Se trituran en la batidora 100 gramos de garbanzos, un par de dientes de ajo, un chorrito de limón, un par de cucharadas de tahina (pasta de semillas de sésamo) y una pizca de comino. Conviene probarlo y rectificar alguno de los ingredientes hasta alcanzar el sabor deseado. Al presentar se puede adornar con pimentón rojo y un chorrito de aceite de oliva. Para los niños se puede preparar una versión sin ajo y convertirse en una forma diferente de comer legumbres.
 
 

 

Crema de verduras y lentejas rojas

Este puré es muy versátil, sencillo de preparar y una buena forma de incorporar lentejas en la dieta de aquellos niños a los que no les apetece comerlas a la manera tradicional.

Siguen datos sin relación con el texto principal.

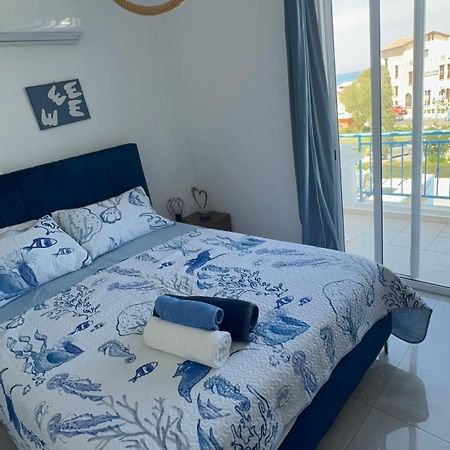 Blue Latsi Apartment Екстериор снимка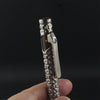 Sideswipe EDC Pen Krakenskin- Titanium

Lo ideal es utilizar una base de verduras anaranjadas: zanahoria, calabaza, boniato, junto con patata para darle consistencia. El resto de verduras puede ser variable, lo que tengáis en casa, judías verdes, puerro, calabacín, brócoli, etc. No hay cantidades fijas, de ahí la versatilidad, las verduras base deberían ser más numerosas que las verdes porque, al fin y al cabo, el resultado es un puré naranja. Hervid primero las verduras, no mucho tiempo para no perder propiedades, y al final añadid dos tazas de lentejas rojas. Las podéis encontrar en tiendas dietéticas, se cuecen en 5 minutos, prácticamente se deshacen. Antes de triturar verted el liquido en otro recipiente, triturad, incorporad líquido para conseguir la textura adecuada y listo. Queda riquísimo, con un toque suave a lenteja y el dulzor de las verduras anaranjadas.